Finetune from a supervised pre-trained Zipformer model
This tutorial shows you how to fine-tune a supervised pre-trained Zipformer transducer model on a new dataset.
Hint
We assume you have read the page Installation and have setup
the environment for icefall
.
Hint
We recommend you to use a GPU or several GPUs to run this recipe
For illustration purpose, we fine-tune the Zipformer transducer model pre-trained on LibriSpeech on the small subset of GigaSpeech. You could use your own data for fine-tuning if you create a manifest for your new dataset.
Data preparation
Please follow the instructions in the GigaSpeech recipe to prepare the fine-tune data used in this tutorial. We only require the small subset in GigaSpeech for this tutorial.
Model preparation
We are using the Zipformer model trained on full LibriSpeech (960 hours) as the intialization. The checkpoint of the model can be downloaded via the following command:
$ GIT_LFS_SKIP_SMUDGE=1 git clone https://huggingface.co/Zengwei/icefall-asr-librispeech-zipformer-2023-05-15
$ cd icefall-asr-librispeech-zipformer-2023-05-15/exp
$ git lfs pull --include "pretrained.pt"
$ ln -s pretrained.pt epoch-99.pt
$ cd ../data/lang_bpe_500
$ git lfs pull --include bpe.model
$ cd ../../..
Before fine-tuning, let’s test the model’s WER on the new domain. The following command performs decoding on the GigaSpeech test sets:
./zipformer/decode_gigaspeech.py \
--epoch 99 \
--avg 1 \
--exp-dir icefall-asr-librispeech-zipformer-2023-05-15/exp \
--use-averaged-model 0 \
--max-duration 1000 \
--decoding-method greedy_search
You should see the following numbers:
For dev, WER of different settings are:
greedy_search 20.06 best for dev
For test, WER of different settings are:
greedy_search 19.27 best for test
Fine-tune
Since LibriSpeech and GigaSpeech are both English dataset, we can initialize the whole Zipformer model with the checkpoint downloaded in the previous step (otherwise we should consider initializing the stateless decoder and joiner from scratch due to the mismatch of the output vocabulary). The following command starts a fine-tuning experiment:
$ use_mux=0
$ do_finetune=1
$ ./zipformer/finetune.py \
--world-size 2 \
--num-epochs 20 \
--start-epoch 1 \
--exp-dir zipformer/exp_giga_finetune${do_finetune}_mux${use_mux} \
--use-fp16 1 \
--base-lr 0.0045 \
--bpe-model data/lang_bpe_500/bpe.model \
--do-finetune $do_finetune \
--use-mux $use_mux \
--master-port 13024 \
--finetune-ckpt icefall-asr-librispeech-zipformer-2023-05-15/exp/pretrained.pt \
--max-duration 1000
The following arguments are related to fine-tuning:
--base-lr
The learning rate used for fine-tuning. We suggest to set a small learning rate for fine-tuning, otherwise the model may forget the initialization very quickly. A reasonable value should be around 1/10 of the original lr, i.e 0.0045.
--do-finetune
If True, do fine-tuning by initializing the model from a pre-trained checkpoint. Note that if you want to resume your fine-tuning experiment from certain epochs, you need to set this to False.
--finetune-ckpt
The path to the pre-trained checkpoint (used for initialization).
--use-mux
If True, mix the fine-tune data with the original training data by using CutSet.mux This helps maintain the model’s performance on the original domain if the original training is available. If you don’t have the original training data, please set it to False.

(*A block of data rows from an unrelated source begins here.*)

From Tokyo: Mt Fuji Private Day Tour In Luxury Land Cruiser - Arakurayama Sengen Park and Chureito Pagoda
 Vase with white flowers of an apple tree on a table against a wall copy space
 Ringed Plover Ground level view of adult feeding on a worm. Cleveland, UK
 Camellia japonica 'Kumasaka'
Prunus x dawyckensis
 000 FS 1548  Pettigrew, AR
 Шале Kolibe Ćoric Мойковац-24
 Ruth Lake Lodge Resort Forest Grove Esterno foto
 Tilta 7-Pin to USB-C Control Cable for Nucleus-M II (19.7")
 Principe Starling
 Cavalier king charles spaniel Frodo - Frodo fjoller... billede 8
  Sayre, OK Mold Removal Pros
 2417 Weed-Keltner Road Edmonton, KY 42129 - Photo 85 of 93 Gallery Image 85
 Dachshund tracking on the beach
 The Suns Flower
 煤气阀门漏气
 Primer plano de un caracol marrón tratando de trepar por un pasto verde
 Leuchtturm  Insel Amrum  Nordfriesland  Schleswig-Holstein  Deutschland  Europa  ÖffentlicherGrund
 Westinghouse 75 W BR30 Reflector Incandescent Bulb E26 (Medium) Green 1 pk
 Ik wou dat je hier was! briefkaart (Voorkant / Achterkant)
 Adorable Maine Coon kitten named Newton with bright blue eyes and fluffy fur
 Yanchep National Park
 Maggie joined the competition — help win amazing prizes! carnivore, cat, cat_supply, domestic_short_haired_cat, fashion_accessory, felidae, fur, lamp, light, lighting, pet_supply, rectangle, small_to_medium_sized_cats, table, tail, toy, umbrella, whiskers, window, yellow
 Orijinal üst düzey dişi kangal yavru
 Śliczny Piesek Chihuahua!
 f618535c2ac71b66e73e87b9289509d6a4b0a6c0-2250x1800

After fine-tuning, let’s test the WERs. You can do this via the following command:
$ use_mux=0
$ do_finetune=1
$ ./zipformer/decode_gigaspeech.py \
--epoch 20 \
--avg 10 \
--exp-dir zipformer/exp_giga_finetune${do_finetune}_mux${use_mux} \
--use-averaged-model 1 \
--max-duration 1000 \
--decoding-method greedy_search
You should see numbers similar to the ones below:
For dev, WER of different settings are:
greedy_search 13.47 best for dev
For test, WER of different settings are:
greedy_search 13.66 best for test
Compared to the original checkpoint, the fine-tuned model achieves much lower WERs on the GigaSpeech test sets.